Kirghiz Period
Prior to the Kirghiz-Uyghur war of 829–840, the Kirghiz lived in the upper basin of the Yenisei River. Linguistically their language, together with the Altai language, belongs to a separate Kirghiz group of the Turkic language family. At that time they had an estimated population of 250,000 and an army of 50,000. Kirghiz victory in the war brought them to the Karluk door. They captured Tuva, Altai, a part of Dzungaria, and reached Kashgar. Allied with the Karluks against the Uygurs, in the 840s the Kirghiz started the occupation of that part of Zhetysu which is their present home. Karluk independence ended around 840. They fell from dominating the tribal association to a subordinate position.
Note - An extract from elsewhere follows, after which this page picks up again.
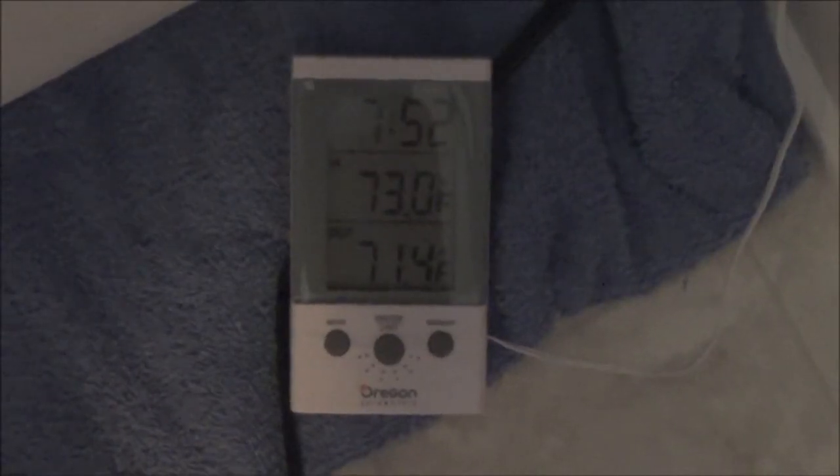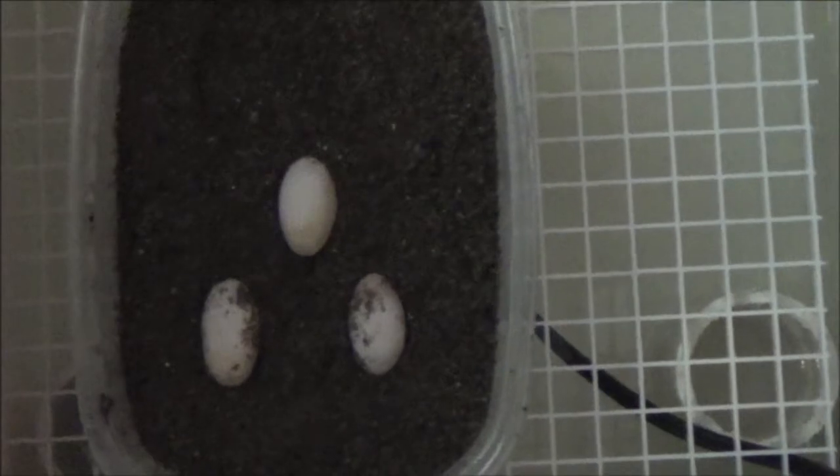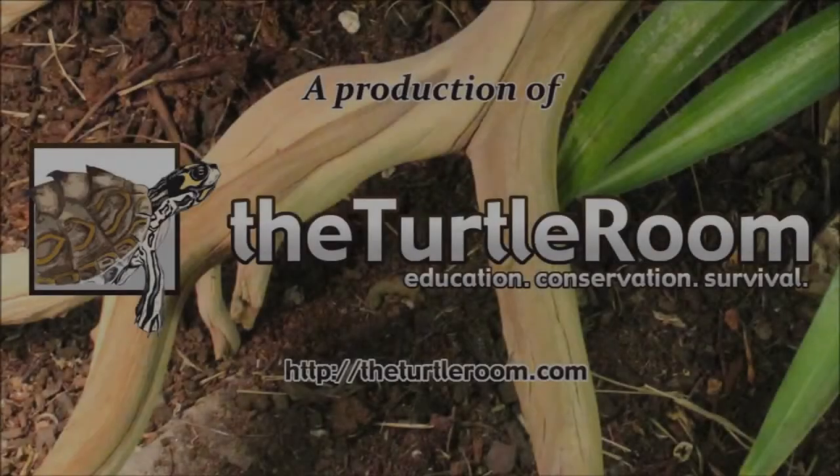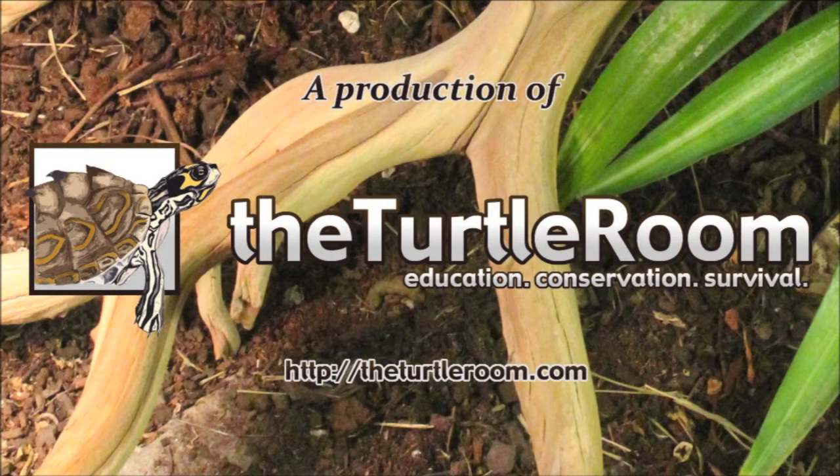You can see the sensor wire leading from inside the incubator out to the interface. We hope this simple construction was easy for you to follow. Thanks for watching. For more information on this and other exciting colony projects, please visit theturtleroom.com.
The Kirghiz remained a power in Zhetysu until their destruction by the Kara-Khitans in 1124, when most of them evacuated from their center in Tuva back to the Minusinsk Depression, leaving the Karluks to predominate again in Zhetysu.
The position of the Karluk state, based on the rich Zhetysu cities, remained strong, despite the failures in wars in the beginning of the 9th century. Yabgu was enriched by profitable trade in slaves on the Syr-Darya slave markets, selling guards for the Abbasid Caliphs, and control over the transit road to China in the sector from Taraz to Issyk Kul. The Karluk position in Fergana, despite Arab attempts to expel them, became stronger.
The fall of the last Kagan with its capital in Ötüken, which dominated for three centuries, created a completely new geopolitical situation in all Central Asia. For the first time in three hundred years, the powerful center of authority that created opportunities for expansion or even existence of any state in Turkestan had finally disappeared. Henceforth, the Turkic tribes recognized only the high status of the clan that inherited the Kagan title, but never again his unifying authority. Several Muslim historians state that after the loss by the Uygurs of their power (840), the supreme authority among the Turkic tribes passed to the Karluk leaders. Connection with the Ashina clan, the ruling clan of the Turkic Kaganate, allowed the Karluk dynasty to dress their authority with legitimate attire, and, abandoning the old title Yabgu, to take on the new title of Kagan.